**WHAT IS BEING ASKED:**
Would you output, exactly as written, the line with "Airbag řidiče (4B0880201Q)" and all lines after it to the end of the data below, and no others?

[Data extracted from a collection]

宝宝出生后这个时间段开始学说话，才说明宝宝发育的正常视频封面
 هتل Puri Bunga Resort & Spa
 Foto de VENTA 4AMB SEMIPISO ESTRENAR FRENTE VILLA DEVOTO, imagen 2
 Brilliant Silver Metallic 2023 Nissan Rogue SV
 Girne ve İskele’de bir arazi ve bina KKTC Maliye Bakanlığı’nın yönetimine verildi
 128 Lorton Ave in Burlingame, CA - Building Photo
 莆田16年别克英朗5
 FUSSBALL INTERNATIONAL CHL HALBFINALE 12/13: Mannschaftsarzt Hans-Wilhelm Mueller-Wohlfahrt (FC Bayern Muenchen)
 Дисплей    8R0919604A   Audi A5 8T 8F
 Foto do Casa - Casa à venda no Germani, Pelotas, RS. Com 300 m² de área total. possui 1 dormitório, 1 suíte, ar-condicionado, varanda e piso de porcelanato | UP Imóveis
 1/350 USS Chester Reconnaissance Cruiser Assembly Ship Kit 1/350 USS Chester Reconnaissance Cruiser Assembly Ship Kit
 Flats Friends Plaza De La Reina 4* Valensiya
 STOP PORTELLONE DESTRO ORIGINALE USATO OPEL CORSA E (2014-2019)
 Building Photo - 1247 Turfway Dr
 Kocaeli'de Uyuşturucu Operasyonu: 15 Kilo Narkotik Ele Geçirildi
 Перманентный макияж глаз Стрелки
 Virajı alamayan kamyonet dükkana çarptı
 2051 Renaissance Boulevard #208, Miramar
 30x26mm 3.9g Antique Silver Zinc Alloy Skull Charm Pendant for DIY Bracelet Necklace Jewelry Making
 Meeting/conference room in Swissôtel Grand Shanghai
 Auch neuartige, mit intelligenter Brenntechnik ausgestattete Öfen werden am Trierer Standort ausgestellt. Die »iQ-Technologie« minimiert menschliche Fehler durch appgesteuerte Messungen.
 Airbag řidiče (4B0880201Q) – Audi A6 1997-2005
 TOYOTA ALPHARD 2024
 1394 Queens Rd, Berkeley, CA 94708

**EXPECTED OUTPUT:**
 Airbag řidiče (4B0880201Q) – Audi A6 1997-2005
 TOYOTA ALPHARD 2024
 1394 Queens Rd, Berkeley, CA 94708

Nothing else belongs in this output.